Вакулинчук, старуха на митинге, Аба, мать Абы, студент, мать с коляской, курсистка, казак. Кадры из фильма Сергея Эйзенштейна «Броненосец “Потёмкин”», 1925


Василий Суриков. Боярыня Морозова. 1887. Государственная Третьяковская галерея


Василий Суриков. Этюд к картине «Боярыня Морозова». 1887. Государственная Третьяковская галерея


Точно так же, обсуждая воздействие вскакивающих каменных львов в «Потёмкине» (образа «камни взревели»), Эйзенштейн вдохновляется и восхищается «Криком» Эдварда Мунка, в котором крик представлен не только как иконографический мотив, как открытый рот, но пронизывает всю структуру и композицию работы, потому что художник стремился «передать строем картины ощущение крика»[21]. Подобно тому как картина Мунка кричит на каждом своем уровне, весь «Потёмкин» построен на экстатических скачках из одного качества в другое, где крики играют ключевую роль в качестве диалектических узлов[22].

Вдохновлявшиеся пластическими изображениями крика, фильмы Эйзенштейна, в свою очередь, стали вдохновением для художников в своеобразном феномене интермедиального круговорота, который вписывается в подход Жоанн Ламурё к крику как интермедиальному объекту[23]. В этом отношении кричащая Учительница «Потёмкина», икона революционного пафоса, функционирует как своеобразный навязчивый образ. Перерезанная ножницами монтажа, эта кинематографическая Горгона увлекала и ужасала многих зрителей не столько разбитыми стеклами пенсне и вытекающим глазом, сколько зияющей дырой своего кричащего рта. Здесь мы рассмотрим два примера – картины Фрэнсиса Бэкона и Валерио Адами, которые сохранили разные впечатления от этого образа и переработали его в диаметрально противоположных направлениях.

Встреча с «Броненосцем “Потёмкин”»: рождение «живописца крика»?

Названный французским критиком Гаэтаном Пиконом «живописцем крика»[24], Бэкон видел в крике один из высочайших объектов для изображения. В интервью 1963 года, которое он дал историку искусств Дэвиду Сильвестру, Бэкон предложил яркую формулу: «Меня всегда очень трогали движения рта и форма рта и зубов… Можно сказать, что мне нравится цвет и блеск, выходящие изо рта, и я всегда в каком-то смысле надеялся, что смогу написать рот так же, как Моне рисовал закат»[25].

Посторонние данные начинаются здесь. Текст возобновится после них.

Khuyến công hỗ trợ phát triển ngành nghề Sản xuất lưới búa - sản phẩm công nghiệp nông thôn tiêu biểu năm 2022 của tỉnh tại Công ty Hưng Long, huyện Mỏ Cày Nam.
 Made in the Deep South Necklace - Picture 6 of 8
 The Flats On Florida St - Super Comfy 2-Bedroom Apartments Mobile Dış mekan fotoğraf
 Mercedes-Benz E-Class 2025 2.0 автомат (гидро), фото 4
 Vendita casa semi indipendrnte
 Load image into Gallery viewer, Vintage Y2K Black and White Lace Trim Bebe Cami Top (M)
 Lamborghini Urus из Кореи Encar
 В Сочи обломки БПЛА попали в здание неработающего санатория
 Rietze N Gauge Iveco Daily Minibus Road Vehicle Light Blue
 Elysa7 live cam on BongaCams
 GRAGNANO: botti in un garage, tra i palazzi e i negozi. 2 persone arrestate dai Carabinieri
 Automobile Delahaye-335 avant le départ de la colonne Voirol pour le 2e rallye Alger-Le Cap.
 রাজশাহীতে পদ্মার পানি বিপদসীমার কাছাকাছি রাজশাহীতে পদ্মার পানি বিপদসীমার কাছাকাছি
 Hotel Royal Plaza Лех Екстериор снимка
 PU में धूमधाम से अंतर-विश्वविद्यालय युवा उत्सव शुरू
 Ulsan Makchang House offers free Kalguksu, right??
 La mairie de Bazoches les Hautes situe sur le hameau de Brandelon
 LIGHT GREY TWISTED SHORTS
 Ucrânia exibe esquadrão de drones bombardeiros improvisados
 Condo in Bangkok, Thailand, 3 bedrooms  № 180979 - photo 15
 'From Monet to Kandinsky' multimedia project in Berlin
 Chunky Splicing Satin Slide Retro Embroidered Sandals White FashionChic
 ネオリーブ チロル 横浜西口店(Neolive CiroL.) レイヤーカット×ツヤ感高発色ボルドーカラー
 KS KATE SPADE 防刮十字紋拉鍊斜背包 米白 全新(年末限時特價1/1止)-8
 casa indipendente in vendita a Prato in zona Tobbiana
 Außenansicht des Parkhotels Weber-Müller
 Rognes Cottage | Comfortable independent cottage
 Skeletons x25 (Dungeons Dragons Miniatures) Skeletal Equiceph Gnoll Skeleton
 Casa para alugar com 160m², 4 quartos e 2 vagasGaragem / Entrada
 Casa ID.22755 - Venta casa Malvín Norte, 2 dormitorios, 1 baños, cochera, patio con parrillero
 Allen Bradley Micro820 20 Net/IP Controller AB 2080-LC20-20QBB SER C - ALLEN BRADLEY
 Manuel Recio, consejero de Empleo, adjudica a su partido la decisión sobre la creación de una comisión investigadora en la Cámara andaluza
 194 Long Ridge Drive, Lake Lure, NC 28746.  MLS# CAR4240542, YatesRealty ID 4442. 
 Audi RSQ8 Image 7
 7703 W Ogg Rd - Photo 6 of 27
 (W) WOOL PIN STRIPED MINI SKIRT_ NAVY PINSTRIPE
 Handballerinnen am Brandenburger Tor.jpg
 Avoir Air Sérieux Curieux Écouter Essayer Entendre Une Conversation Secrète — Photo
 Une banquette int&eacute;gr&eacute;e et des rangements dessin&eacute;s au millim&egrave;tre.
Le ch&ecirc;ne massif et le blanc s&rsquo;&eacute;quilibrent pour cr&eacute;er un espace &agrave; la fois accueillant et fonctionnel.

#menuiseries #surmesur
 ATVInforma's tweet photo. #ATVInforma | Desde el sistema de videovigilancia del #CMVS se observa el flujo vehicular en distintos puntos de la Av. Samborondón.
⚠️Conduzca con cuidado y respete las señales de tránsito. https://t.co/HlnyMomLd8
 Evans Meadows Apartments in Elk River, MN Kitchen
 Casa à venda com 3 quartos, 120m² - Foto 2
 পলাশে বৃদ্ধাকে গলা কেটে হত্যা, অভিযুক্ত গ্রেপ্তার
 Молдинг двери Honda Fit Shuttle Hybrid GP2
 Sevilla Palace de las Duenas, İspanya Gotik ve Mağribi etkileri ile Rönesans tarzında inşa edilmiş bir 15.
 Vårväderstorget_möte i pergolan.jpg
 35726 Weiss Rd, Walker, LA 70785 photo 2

«Броненосец “Потёмкин”» сыграл решающую роль в обнаружении чувствительности Бэкона к этому мотиву, который будет пронизывать всю его живопись. Почва для этого было подготовлена, когда в 1927 году Бэкон увидел картину Никола Пуссена «Избиение младенцев», которая произвела на него яркое впечатление, что он также вспоминает в том же интервью Сильвестру: «Я помню, что однажды жил с семьей около трех месяцев недалеко от того места [Шантийи], пытаясь выучить французский, я много раз ездил в Шантийи и помню, что эта картина произвела на меня удивительно сильное впечатление»[26]. Полотно Пуссена создает сильное слуховое ощущение благодаря своей сложной композиции, ибо, как напоминает нам Натали Роэленс, недостаточно просто изобразить открытый рот для того, чтобы изображение можно было услышать, как если бы оно обрело голос[27]. В своей картине, названной Луи Мареном «одним из самых выдающихся изображений крика», Пуссен разворачивает тонкую игру соответствий между зрительным образом и звуком – сложно оркестрованные визуальные знаки как будто ждут, что их расшифруют в качестве звуков: «…интенсивность крика, звучание голоса в его крайнем диапазоне визуально “обозначены” острым концом поднятого меча и особенно обелиском на заднем плане, над головой: их точка пересечения пуста, передавая пронзительность крика, в то время как нереалистичное удлинение руки женщины переводит в визуальную форму его невыносимую продолжительность»[28].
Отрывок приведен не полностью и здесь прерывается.